Não sei quanto vale essa resposta hoje, porque hoje ainda está distante do amanhã eleitoral, mas pelo panorama atual o apoio do governador João Doria à reeleição de Orlando Morando em São Bernardo não é um bom negócio, além do já precificado em forma de laços consanguíneos tucanos.

O antagonismo de Doria ao presidente Jair Bolsonaro, que o carregou nas costas rumo ao cetro estadual, é um obstáculo e tanto. Há um cheiro de ingratidão e de oportunismo a conturbar o ambiente de centro e de direita, nichos do presidente da República e do governador do Estado.

Resta saber para onde irão os votos dos bolsonaristas em São Bernardo, já quem nem Orlando Morando nem Luiz Marinho os teriam. Serão votos nulos e em branco, senão de inadimplência eleitoral?

Sobraria a possibilidade de parte desses votos ganhar a direção do deputado federal Alex Manente. Entretanto, as últimas declarações do parlamentar não conduzem ao porto seguro de que respira competição. É verdade que pode ser um charme de quem diz que não vai mas acaba indo. Resolvido e por enquanto, Manente é um Ciro Gomes de votos.

E o deputado Manente?

Ou seja: nem a direita, a centro-direita e o centro o querem ver prefeito com a intensidade que estaria reservada a Orlando Morando. E tampouco a esquerda, embora a centro-esquerda o tenha em conta. Será que isso se manteria em outubro com Manente concorrente? Seria Manente catalizador dos desertores bolsonaristas e do cansaço petista?

Não há dúvida de que o eleitorado de Jair Bolsonaro se contraiu após 12 meses de mandato. Fosse hoje a eleição presidencial, Bolsonaro não repetiria os 66,84% dos votos válidos no segundo turno presidencial do ano passado em São Bernardo. Provavelmente Fernando Haddad manteria os 33,16%.
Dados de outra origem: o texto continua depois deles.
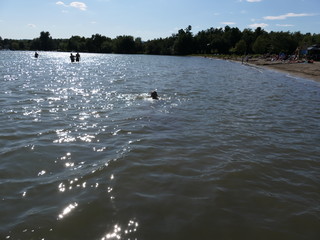 Lac Memphremagog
Na disputa de segundo turno para governador, João Doria obteve 48,43% dos votos válidos. Perdeu para o socialista Márcio França, que registrou 51,57%. Dificilmente Doria repetiria os números de outubro de 2018. Tudo isso sempre em São Bernardo.
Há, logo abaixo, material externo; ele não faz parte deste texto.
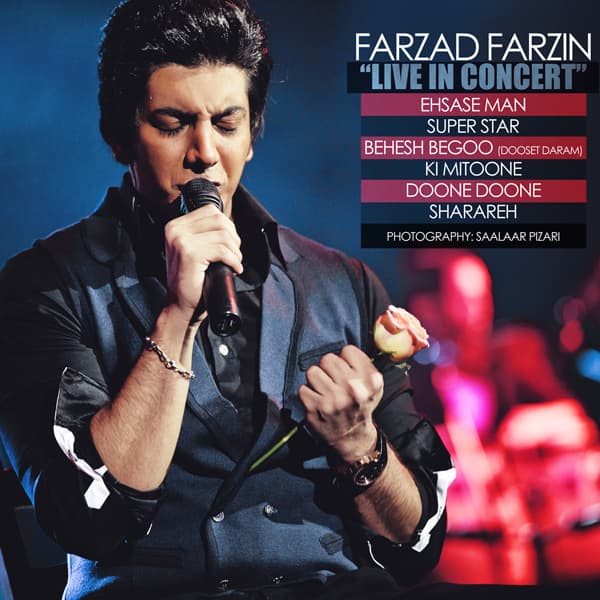 Doone Doone · Farzad Farzin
Por que João Doria não teria o mesmo prestígio eleitoral da vitória apertadíssima no Estado e da derrota também apertadíssima em São Bernardo? Porque os bolsonaristas o abandonaram. Coloquem nessa conta algo como de 20% a 25% de votos consolidadamente bolsonaristas e entendam os danos colaterais que impactariam Orlando Morando na porção de influência do governador do Estado no conjunto de motivos que o colocariam na alça de mira dos eleitores.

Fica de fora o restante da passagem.